I don''t think that it makes much of a difference whether you use a ''buyer''s broker'' or not. If you stick with one good broker, that broker will try hard to learn your goals, will provide useful insights, and will fight for you during negotiations. A bad broker (buyers or not) won''t try to understand your specific needs and tastes and worse yet will try to sell only what is in their best interest or only boats which meets thier prejudices. Of course a good broker can be a little difficult to find. 

3. How do I find out for sure if a boat I''m looking at has been in charter service? I''m not saying I wouldn''t buy one that had been -- just that I would want to look at it differently than one owned by a knowledgeable private owner for a reasonable period. 

That is a difficult question. You can often tell simply by asking. Most owners are pretty candid about that. You may require that the owner fill out a disclosure form (You will have to make one up since I have not seen one published) that asks the owner to certify in writing to the best of thier knowledge such items as whether the boat was ever damaged in a colision or grounding, was the boat ever in charter, are there any leins or outstanding debts against the boat, does the owner know of any known defects, etc. Some sellers will refuse to sign something like this but most if will fill out and sign such a form if it is presented as a requirement as part of the offer to purchase. The offer agreement should require that the form be filled out prior to survey since it may affect those areas of the boat that get surveyed more intensely. While the disclosure form may not provide a real answer (and I am not a lawyer) but it is my undertanding that if it includes language that requires that the form be notarized and that deliberate misinformantion will be deemed to constitute fraud, you at least have some leg to stand on should the owner delibrately mislead you. 

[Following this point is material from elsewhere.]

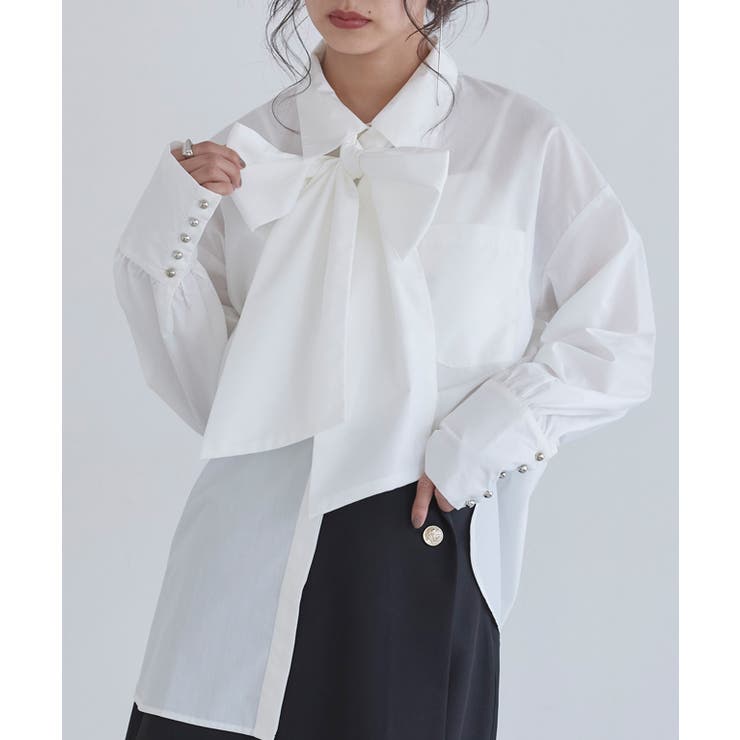 [ECLAM] ロングカフスボウタイシャツ シャツ | Pierrot | 詳細画像9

If you are concerned enough about a particular boat and the boat has been documented there should be a continuous record with the Coast Guard of the owners going back to the original builder''s certificate. 

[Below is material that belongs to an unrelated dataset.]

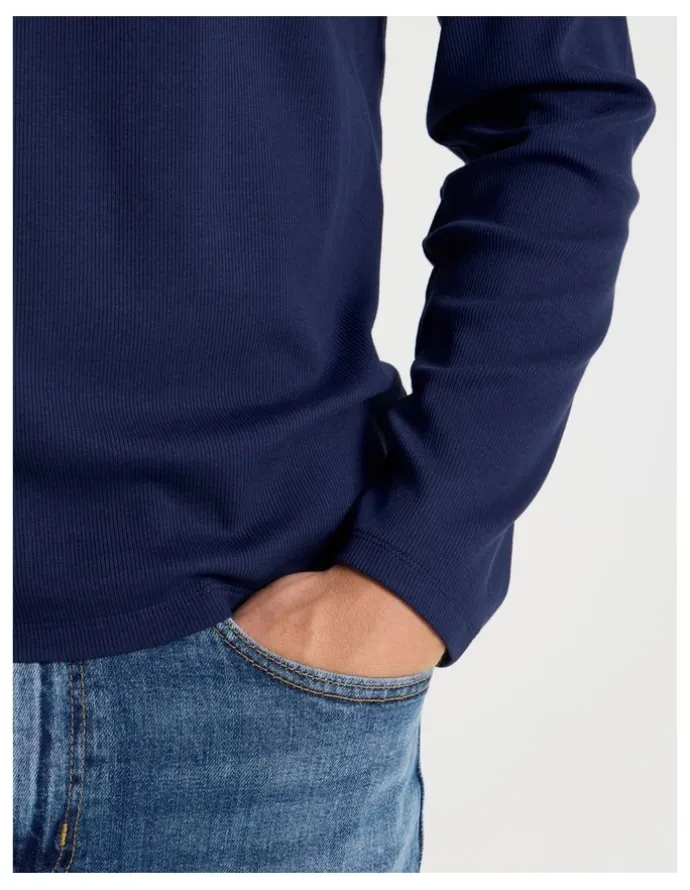 Grab Long Sleeve Rib T-Shirt in Navy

4. West coast prices (especially Calif) seem to be lower for comparable boats. Is this just a function of supply/demand for used boats there or is the Pacific environment tougher on boats for some reason? 

I generally find that California built boats are cheaper in California and that East Coast built boats are cheaper in Florida and the Gulf. On the other hand these boats generally do have more wear and tear as they are used year round and exposed to a lot of sun and salt. 

5. Finally, do you have an opinion of 70''s -80''s vintage Pearsons?

I know a lot of people will disagree with me on this, but during the period in question Pearsons (or Odays for that mater) were the Hunters of thier day. In fact if you look at a 1979/1980 Hunter 30 and compare it to a 1980 Pearson 30, 31, Flyer, or Peason 10M, the Hunter was a better design and in my experience with both, the Hunter was better built. 

That said, individual model lines within Pearson seemed to vary greatly in build quality and design. In the late 70''s and early 1980''s, Pearson produced a series of cruising oriented designs that seem to be pretty good boats for more extensive cruising. In your size range that series included the 303, 323 and 365. The 323 in particular has always struck me as a nice design. That said, I do not think of any of these as being truely "offshore" designs. I agree with your friend that this series are sturdy enough for blue water use such as cruising to the Bahamas or jumping around the Atlantic or Gulf coasts where safe refuge is usually pretty close at hand, but I think that they lack the robust engineering, interior layout, storage, cockpit drainage, linerless construction and the like that are so important for a boat that will spend substantial amounts of time making offshore passages. 

Respectfully,
Jeff


----------



## TSOJOURNER (Dec 16, 1999)

Jeff,

Thanks again, you''ve helped me further clarify my thinking. And I do understand that I can only expect the sailing courses to give me some of the basics. But I assume they''re organized in such a way as to help me structure my preparation.

I must admit I''m getting anxious to hoist the sails and actually go somewhere. Lake sailing has been great, but you always end up where you started.

Jay


----------